WHAT IS EXPECTED :: When you reach the line containing "Rolling Garden Cart" in the entries below, repeat it and each line after it exactly until the entries end.

INFORMATION SUPPLIED ::
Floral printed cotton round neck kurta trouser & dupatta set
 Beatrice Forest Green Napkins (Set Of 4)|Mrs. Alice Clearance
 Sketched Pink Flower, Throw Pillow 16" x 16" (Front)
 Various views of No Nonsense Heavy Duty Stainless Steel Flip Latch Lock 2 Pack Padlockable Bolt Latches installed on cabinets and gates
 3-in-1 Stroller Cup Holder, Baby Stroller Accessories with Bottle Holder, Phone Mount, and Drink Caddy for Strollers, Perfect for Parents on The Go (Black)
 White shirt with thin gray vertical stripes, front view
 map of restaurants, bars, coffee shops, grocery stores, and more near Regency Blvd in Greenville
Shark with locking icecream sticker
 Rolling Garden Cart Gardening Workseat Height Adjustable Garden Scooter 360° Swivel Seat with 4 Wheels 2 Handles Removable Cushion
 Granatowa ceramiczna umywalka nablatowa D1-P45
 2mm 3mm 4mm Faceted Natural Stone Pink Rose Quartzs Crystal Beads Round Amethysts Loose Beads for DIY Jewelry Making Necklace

EXERCISE SOLUTION ::
 Rolling Garden Cart Gardening Workseat Height Adjustable Garden Scooter 360° Swivel Seat with 4 Wheels 2 Handles Removable Cushion
 Granatowa ceramiczna umywalka nablatowa D1-P45
 2mm 3mm 4mm Faceted Natural Stone Pink Rose Quartzs Crystal Beads Round Amethysts Loose Beads for DIY Jewelry Making Necklace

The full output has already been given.